- **INPUT DATA**
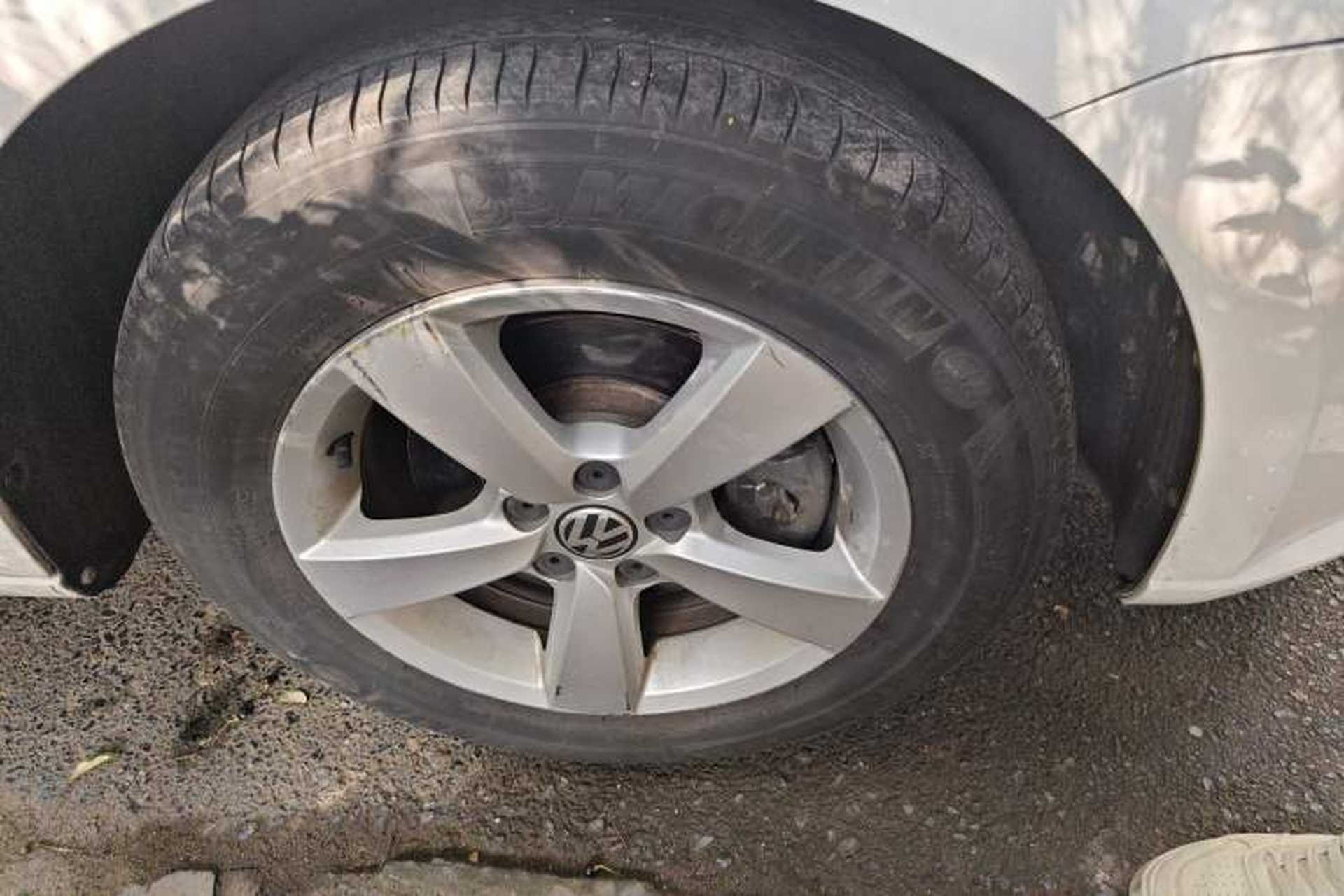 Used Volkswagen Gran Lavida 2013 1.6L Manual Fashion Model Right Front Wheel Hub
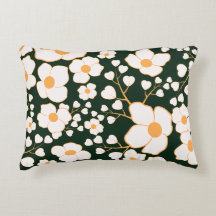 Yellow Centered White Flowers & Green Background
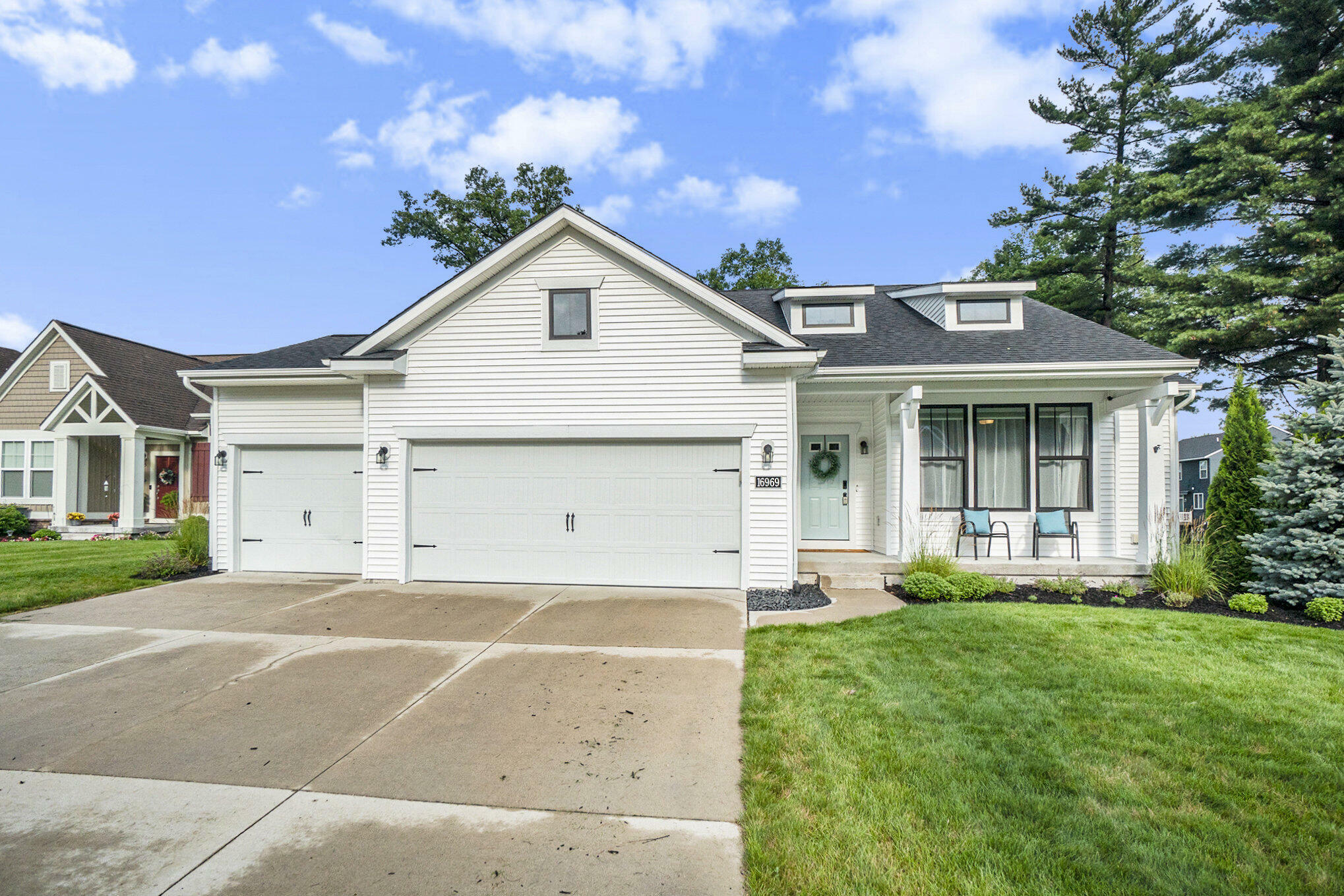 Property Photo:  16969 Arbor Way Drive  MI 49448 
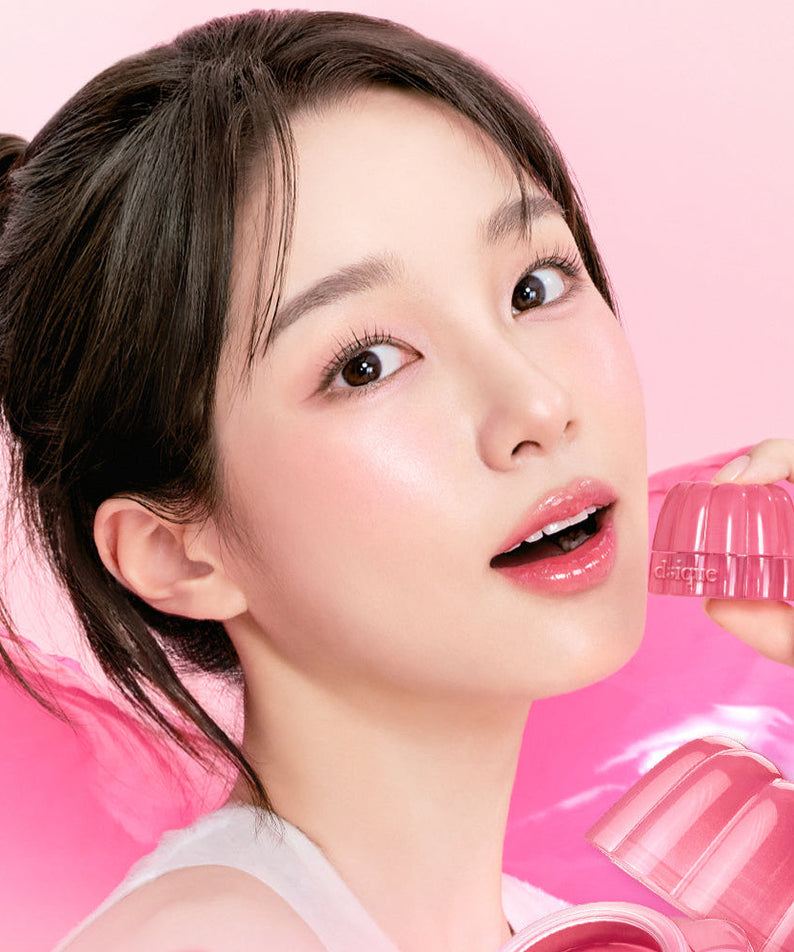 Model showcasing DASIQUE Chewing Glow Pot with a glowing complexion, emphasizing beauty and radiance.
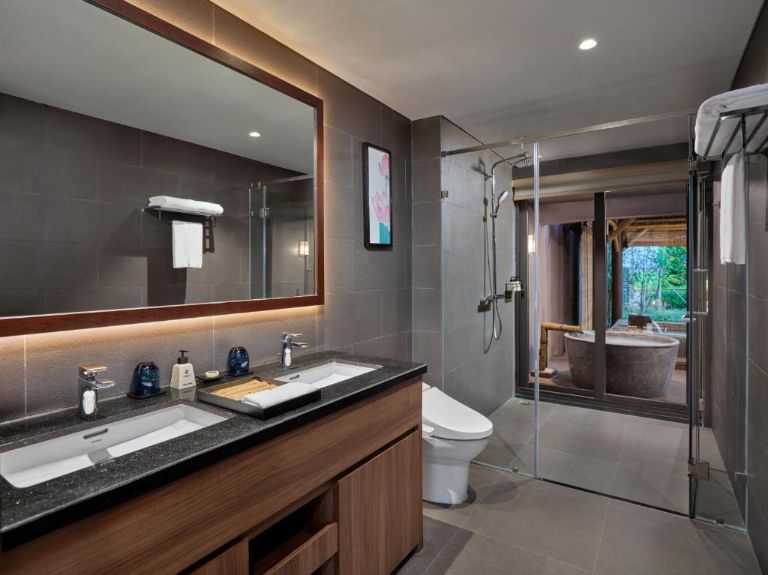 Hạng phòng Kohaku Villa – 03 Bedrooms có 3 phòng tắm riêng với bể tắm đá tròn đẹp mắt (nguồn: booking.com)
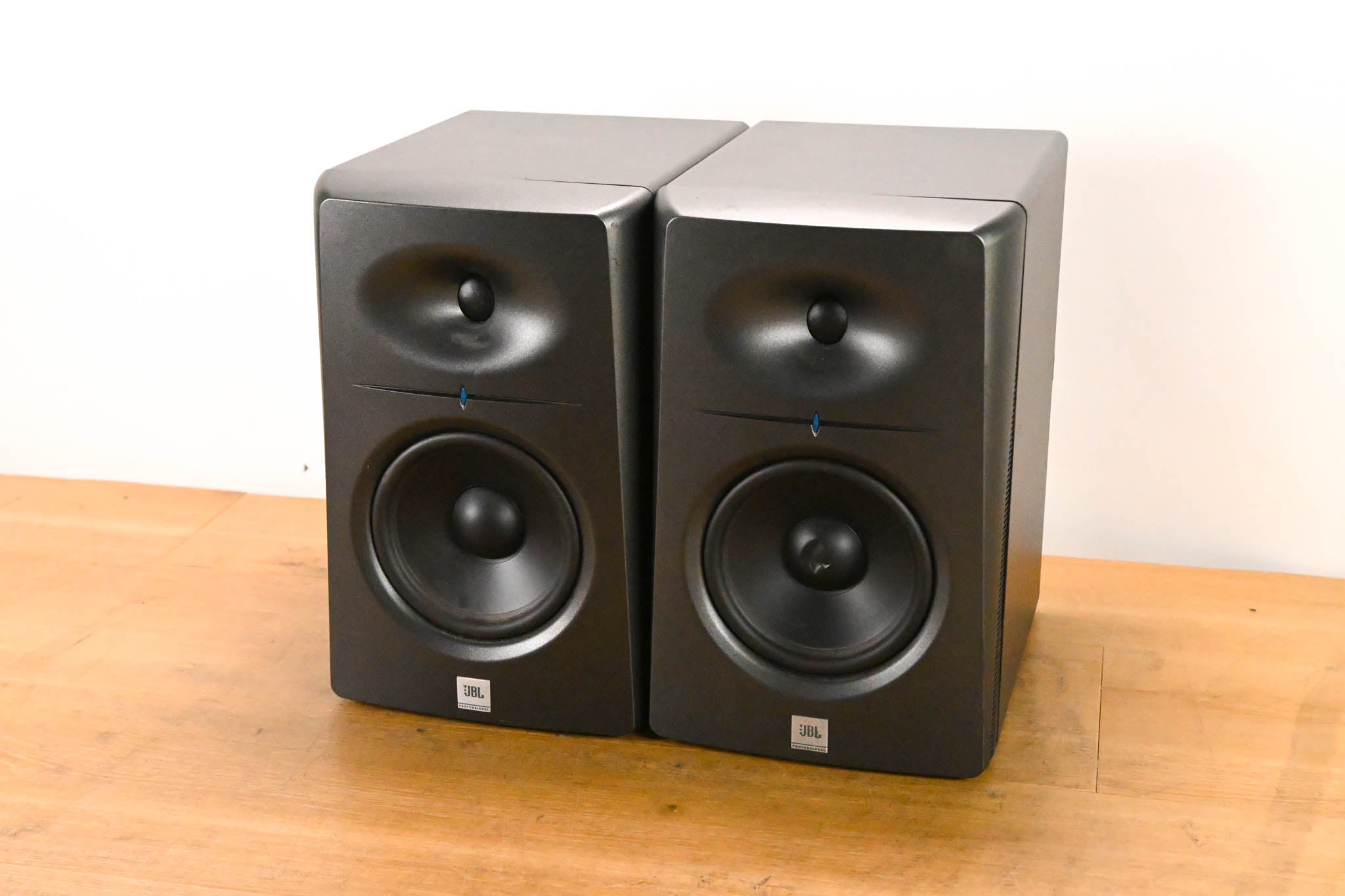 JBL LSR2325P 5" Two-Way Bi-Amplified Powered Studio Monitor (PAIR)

- **ACTIVITY**
Output the lines of the data exactly, starting at the first and ending with the line that has "Model showcasing DASIQUE". Pictures are not part of it.

- **RESPONSE TO THIS EXERCISE**
 Used Volkswagen Gran Lavida 2013 1.6L Manual Fashion Model Right Front Wheel Hub
 Yellow Centered White Flowers & Green Background
 Property Photo:  16969 Arbor Way Drive  MI 49448 
 Model showcasing DASIQUE Chewing Glow Pot with a glowing complexion, emphasizing beauty and radiance.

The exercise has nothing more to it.